Since the dawn of ICOs there has been fraud, whether it be phishing or exit-scams. However, there are other scams, the kind that promise certain returns or products and then simply fail to deliver. While these may have started out with good intentions, they are still scams and are just as dangerous to the industry, if not more so as it costs both money and time. Two such scams have just emerged in Sweden and Slovenia: the ICOs Starflow and Futourist look unlikely to be able to deliver on their promises.
The ICOs Starflow and Futourist that targeted Slovenia and Sweden have been discovered to be mostly scams.
More pointless ICOs
Despite the highly lucrative and over-hyped industry, the majority of ICOs are proving to be pointless. Thousands of ICOs have popped up in the last year which collectively raised millions of dollars. However, only 10% of ICOs are truly worth investing time and money in, and only 5% have what it takes for longevity. The majority of ICOs are only worth investing in for a quick flip while the hype is still there, before it dies down and the project comes to a halt. Most countries have experienced ICOs like this, and now something similar has popped up in Sweden and Slovenia.

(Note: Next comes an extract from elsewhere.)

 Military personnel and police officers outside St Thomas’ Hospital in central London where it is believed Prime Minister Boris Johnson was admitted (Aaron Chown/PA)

Starflow seems the most elaborate of the two, having promised to create a platform which brands can utilize to get money for their content. There are no obvious errors on the website; it has an average design and looks legitimate. However, once you read the white paper, things start to go awry.
While the white paper boasts a sleek design, it is filled with nonsensical statements. In addition, it begins with a four-page-long disclaimer including statements that are mostly grounded in wishful thinking instead of facts, figures, and market research. The rest of the white paper continues in this vein.

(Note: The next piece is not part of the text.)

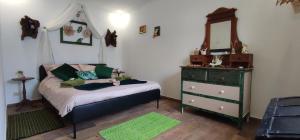 a bedroom with a bed and a dresser and a mirror at Casa Odélia in Almargem do Bispo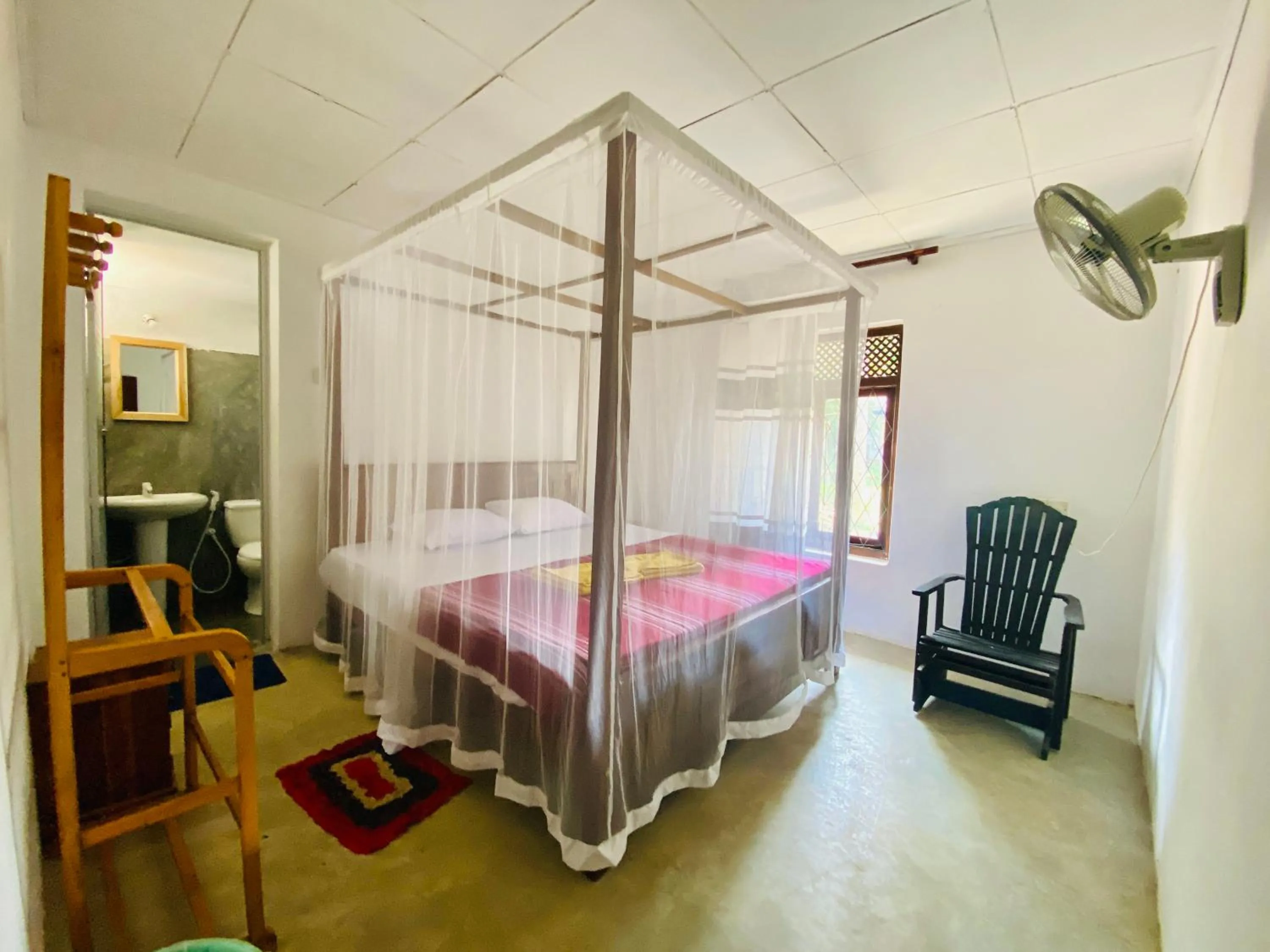 Bed in Hiriketiya Orchid Villa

The team behind the project
Any investor worth his salt should first fine-comb the white paper before deciding to invest, and follow this up with research into the team behind the project. The investor should ask what the team’s collective experience is like and whether their expertise suits the demands of the project. Starflow is backed by Johan Staël von Holstein, who also serves as one of its advisers. The website states that von Holstein is a notorious entrepreneur, which is not entirely untrue. Von Holstein backed a venture during the dot-com boom, known as Icon Medialab. This venture, however, experienced a 98% plunge in shares within a year and subsequently 500 lost jobs.
Vol Holstein’s Twitter bio once again notes that he is a “serial investor” along with weighty terms such as “internet visionary”. More worrying, however, is the fact that the majority of Starflow’s Twitter followers are fake.
The problem with Futourist
While Sweden deals with the fallout from Starflow, Slovenia has been plagued with Futourist, which is suspiciously similar to Starflow in its promises. Futourist promised a platform that rewards users for good content. Payments are conducted via ERC-20 Futourist Tokens, which might make sense in the greater scheme of things, but can only be legitimate if the platform is popular enough, which seems unlikely at the moment.
Starflow and Futourist prove nothing except for the fact that investor should be extra cautious when it comes to investing in an ICO. Take the time to research the project and look at the team, their market research, and the validity of the project, instead of being misled by well-designed websites and misleading, empty phrases.